» What the exercise asks:
Pictures in the listing do not belong in the copy, which should repeat exactly the lines from the one holding "Bartscher Koffiemachine Contessa" through the last line.

» Provided records:
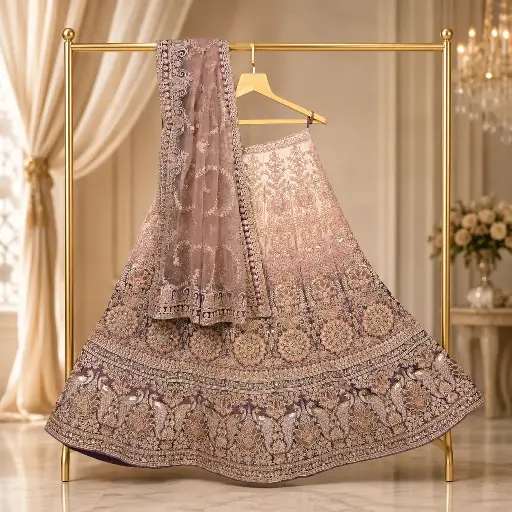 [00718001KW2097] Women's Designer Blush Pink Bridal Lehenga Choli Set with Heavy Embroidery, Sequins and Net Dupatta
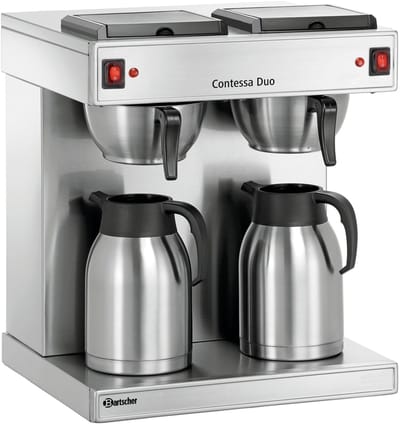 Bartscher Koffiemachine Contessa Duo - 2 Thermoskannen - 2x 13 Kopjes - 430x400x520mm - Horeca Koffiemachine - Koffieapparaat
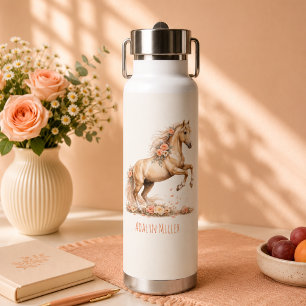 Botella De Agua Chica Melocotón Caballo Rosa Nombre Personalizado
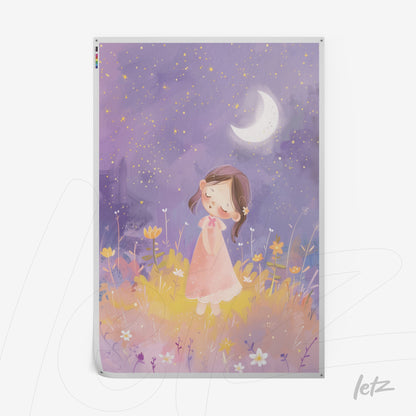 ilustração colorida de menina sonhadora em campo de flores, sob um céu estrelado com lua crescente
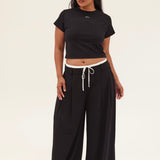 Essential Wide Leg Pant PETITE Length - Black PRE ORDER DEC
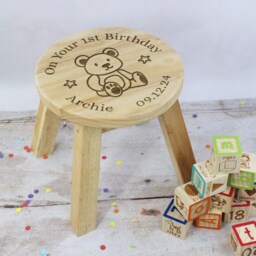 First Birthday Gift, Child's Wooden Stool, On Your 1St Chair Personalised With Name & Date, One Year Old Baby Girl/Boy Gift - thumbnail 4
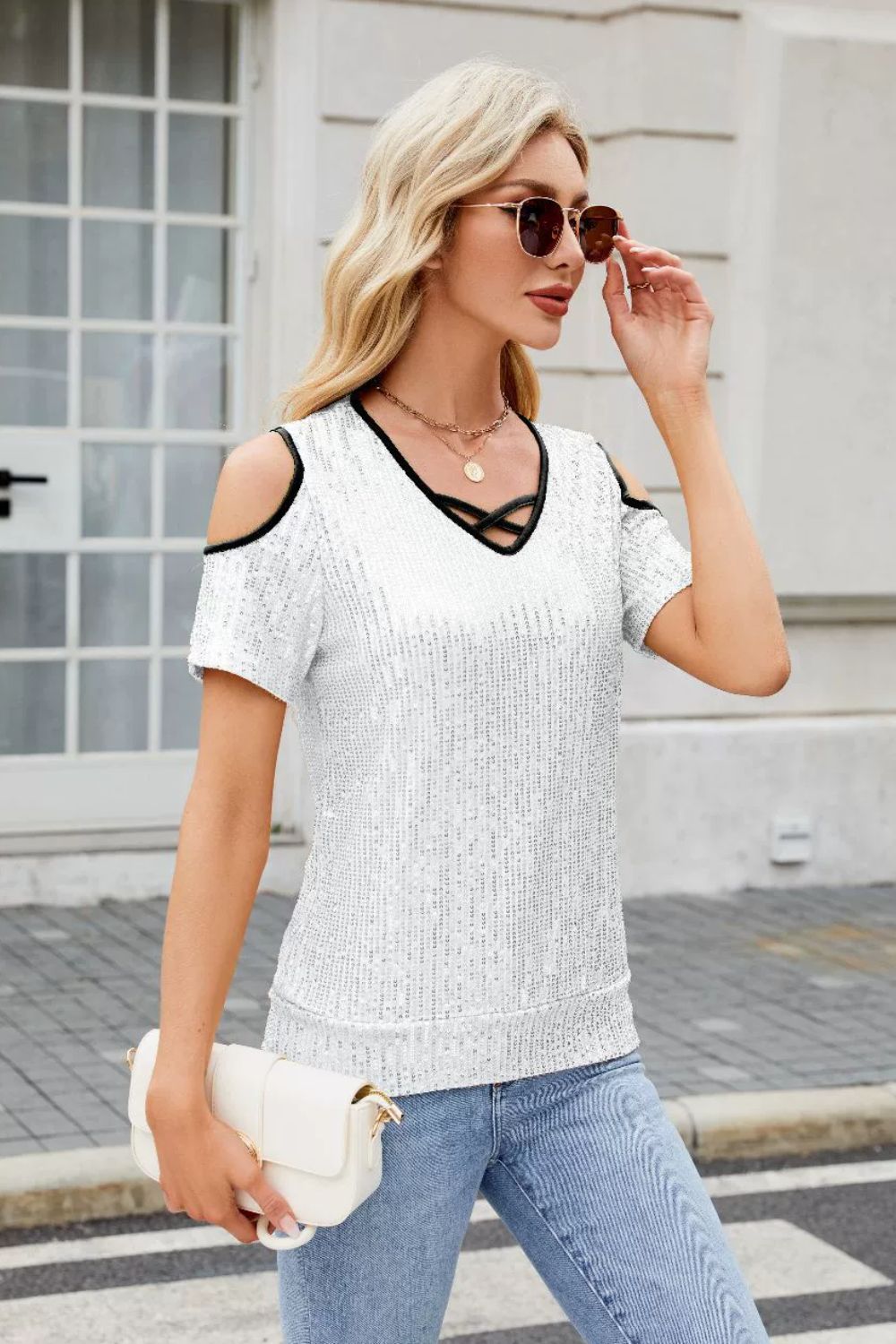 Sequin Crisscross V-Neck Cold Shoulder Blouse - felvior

» Completed exercise:
 Bartscher Koffiemachine Contessa Duo - 2 Thermoskannen - 2x 13 Kopjes - 430x400x520mm - Horeca Koffiemachine - Koffieapparaat
 Botella De Agua Chica Melocotón Caballo Rosa Nombre Personalizado
 ilustração colorida de menina sonhadora em campo de flores, sob um céu estrelado com lua crescente
 Essential Wide Leg Pant PETITE Length - Black PRE ORDER DEC
 First Birthday Gift, Child's Wooden Stool, On Your 1St Chair Personalised With Name & Date, One Year Old Baby Girl/Boy Gift - thumbnail 4
 Sequin Crisscross V-Neck Cold Shoulder Blouse - felvior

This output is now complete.